Entre las expresiones de Budo modernas, resulta fútil detenerse a identificar una mejor expresión de ellas. Quizá algunos se sientan atraídos por las que exaltan un arma (kendo, iaido, naginata, kyudo, jukendo) o bien, la técnica de manos libres (aikido, judo).  Sin embargo no resulta trivial explorar a unos 100 años de popularizarse este concepto como va cumpliendo su función social y formativa.

Creo que no es difícil identificar algunas de las funciones que los practicantes actuales le estamos dando al Budo que practicamos. Algunos se centran en su potencial uso en el entrenamiento de personas de seguridad, algunos se centran en su función de desarrollo personal, algunos en una función deportiva y de salud, todas ellas útiles.

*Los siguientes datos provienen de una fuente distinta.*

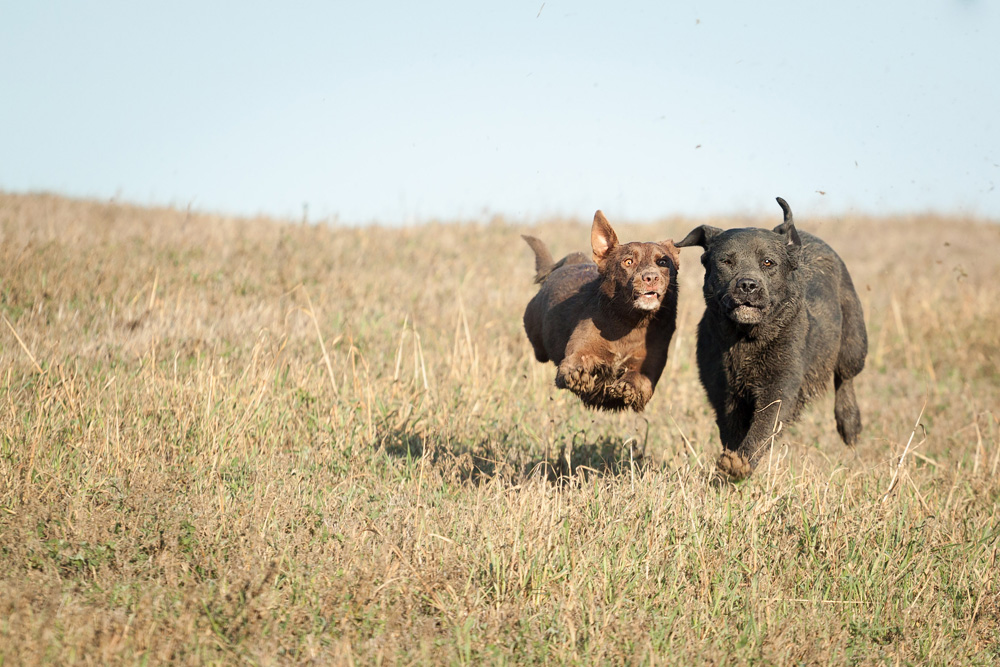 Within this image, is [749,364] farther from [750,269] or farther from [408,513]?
[408,513]

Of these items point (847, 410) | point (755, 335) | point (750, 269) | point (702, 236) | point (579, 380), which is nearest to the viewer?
point (579, 380)

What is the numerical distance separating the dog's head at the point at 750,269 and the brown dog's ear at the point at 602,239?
415 mm

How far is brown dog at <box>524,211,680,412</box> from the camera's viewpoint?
171 inches

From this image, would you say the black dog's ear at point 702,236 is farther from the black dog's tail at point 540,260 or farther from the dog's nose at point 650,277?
the black dog's tail at point 540,260

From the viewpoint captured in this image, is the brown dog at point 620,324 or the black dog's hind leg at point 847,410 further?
the black dog's hind leg at point 847,410

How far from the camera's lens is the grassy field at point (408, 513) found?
3393mm

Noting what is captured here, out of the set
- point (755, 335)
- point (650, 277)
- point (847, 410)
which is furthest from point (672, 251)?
point (847, 410)

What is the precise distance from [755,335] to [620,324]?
880 millimetres

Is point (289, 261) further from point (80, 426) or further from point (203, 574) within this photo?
point (203, 574)

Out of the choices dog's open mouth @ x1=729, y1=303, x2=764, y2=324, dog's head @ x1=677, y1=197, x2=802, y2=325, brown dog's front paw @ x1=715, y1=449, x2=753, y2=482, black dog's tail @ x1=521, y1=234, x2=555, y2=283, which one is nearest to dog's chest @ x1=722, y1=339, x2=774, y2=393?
dog's head @ x1=677, y1=197, x2=802, y2=325

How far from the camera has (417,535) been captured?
3.98 meters

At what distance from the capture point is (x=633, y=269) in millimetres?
4434

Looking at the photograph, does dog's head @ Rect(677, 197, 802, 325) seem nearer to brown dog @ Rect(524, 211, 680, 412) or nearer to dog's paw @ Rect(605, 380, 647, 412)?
brown dog @ Rect(524, 211, 680, 412)

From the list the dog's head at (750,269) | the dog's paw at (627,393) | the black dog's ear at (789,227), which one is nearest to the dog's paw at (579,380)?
the dog's paw at (627,393) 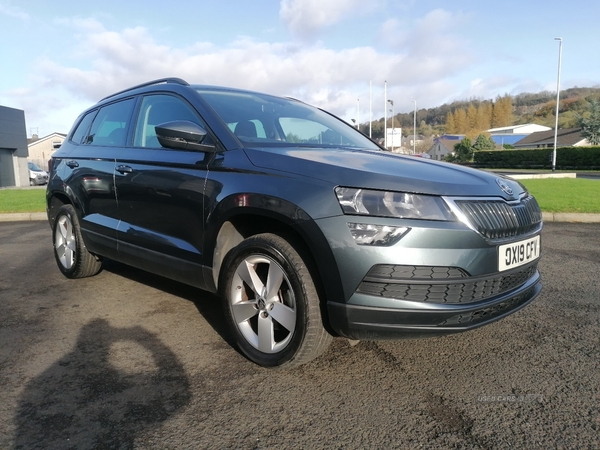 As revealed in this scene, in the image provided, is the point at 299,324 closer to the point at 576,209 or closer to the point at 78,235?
the point at 78,235

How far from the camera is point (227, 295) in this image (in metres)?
2.90

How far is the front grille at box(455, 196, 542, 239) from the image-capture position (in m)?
2.40

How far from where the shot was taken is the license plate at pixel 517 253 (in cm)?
250

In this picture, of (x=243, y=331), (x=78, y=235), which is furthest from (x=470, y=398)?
(x=78, y=235)

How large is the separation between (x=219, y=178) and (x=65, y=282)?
276 cm

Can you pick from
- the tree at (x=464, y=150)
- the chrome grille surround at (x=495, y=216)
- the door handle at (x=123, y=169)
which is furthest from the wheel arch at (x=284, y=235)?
the tree at (x=464, y=150)

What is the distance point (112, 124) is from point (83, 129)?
80 cm

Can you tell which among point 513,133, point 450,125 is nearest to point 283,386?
point 513,133

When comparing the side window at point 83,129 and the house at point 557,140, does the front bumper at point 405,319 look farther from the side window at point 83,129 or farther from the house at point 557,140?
the house at point 557,140

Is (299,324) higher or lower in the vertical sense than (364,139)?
lower

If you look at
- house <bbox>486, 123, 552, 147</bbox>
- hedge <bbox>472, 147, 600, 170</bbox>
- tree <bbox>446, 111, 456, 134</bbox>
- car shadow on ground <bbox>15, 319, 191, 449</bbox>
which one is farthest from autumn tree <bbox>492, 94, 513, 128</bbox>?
car shadow on ground <bbox>15, 319, 191, 449</bbox>

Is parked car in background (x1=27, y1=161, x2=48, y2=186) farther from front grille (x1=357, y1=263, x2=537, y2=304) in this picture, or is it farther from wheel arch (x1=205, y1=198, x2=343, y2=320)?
front grille (x1=357, y1=263, x2=537, y2=304)

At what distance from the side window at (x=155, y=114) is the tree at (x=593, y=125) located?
2450 inches

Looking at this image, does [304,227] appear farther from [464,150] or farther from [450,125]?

Una persona puede decir,  te sugiero entrenar un Budo para aprender a defenderte, y podemos darle cierta razón, cómo negar el acoso y el bullying. Sin embargo reflexionemos ¿por qué una persona comete acoso o bullying? Seguramente encontraremos muchos casos en los que es evidente la falta de educación. Podemos entrenar Budo con fines de salud, ¿cómo negar la gran lucha contra la obesidad y enfermedades como la diabetes? Igualmente encontraremos muchos casos en los que la ausencia de educación sobre nutrición y los hábitos alimenticios son la causa.  Más delicado aún, podemos entrenar Budo para enfrentar problemas como el estrés e intolerancia a la frustración ¿y por qué ocurren éstos? Nuevamente encontraremos muchos casos en los que la educación de nuestra mente ni siquiera es una idea que ronde en nuestras cabezas.

Creo que dentro de la misma capacidad de adaptación que ha tenido el entrenamiento marcial a través del tiempo, debe tener la capacidad de adaptarse a los desafíos modernos.

Estos desafíos surgen de nuestro progreso tecnológico, las exigencias laborales, el deterioro de la salud, la búsqueda de sentido de la vida, la violencia, el cambio entre generaciones, los fenómenos sociales y naturales que estamos viviendo. Y tenemos que recurrir a esa función principal del Budo: Educación.

Centrémonos en el concepto educación. Entendiendo ésta tanto desde su perspectiva formativa escolar, como desde la formación (principalmente en el seno familiar y social) que da sentido al conjunto de valores y modelos mentales del individuo desde su infancia, hasta la edad que actualmente tenga, a través de sus aprendizajes y experiencia.

Desde mi perspectiva, esta  educación que inicia desde padres y madres mostrando el sentido de lo correcto y lo incorrecto, el sentido de límites, de responsabilidades y derechos, cultivando una gama de valores que le den sentido  de pertenencia a la persona, en general entender qué significan medios correctos de vida – y sobre todo el valor de la vida – ; sumado al entrenamiento de la mente y el cuerpo, el sentido de mejora continua (auto perfeccionamiento), una conducta ética  y ulteriormente a la comprensión de nuestra interdependencia, es totalmente congruente con la finalidad educativa moderna que un Budo debe tener.

Si dejamos a un lado las discusiones sobre si practicamos un kobudo o un gendaibudo, es tiempo de entender cómo podemos contribuir a la educación, como ser extensiones (no correctores) de la formación del ser humano,  es aquí donde estará el mayor impacto y aportación social.

¿Cómo ser extensiones de la labor formativa-educativa del ser humano a través del Budo en esta época?  La respuesta siempre ha estado ahí,  ayudar al entendimiento de los potenciales del individuo, su capacidad de cambio  y sobre todo de su interdependencia.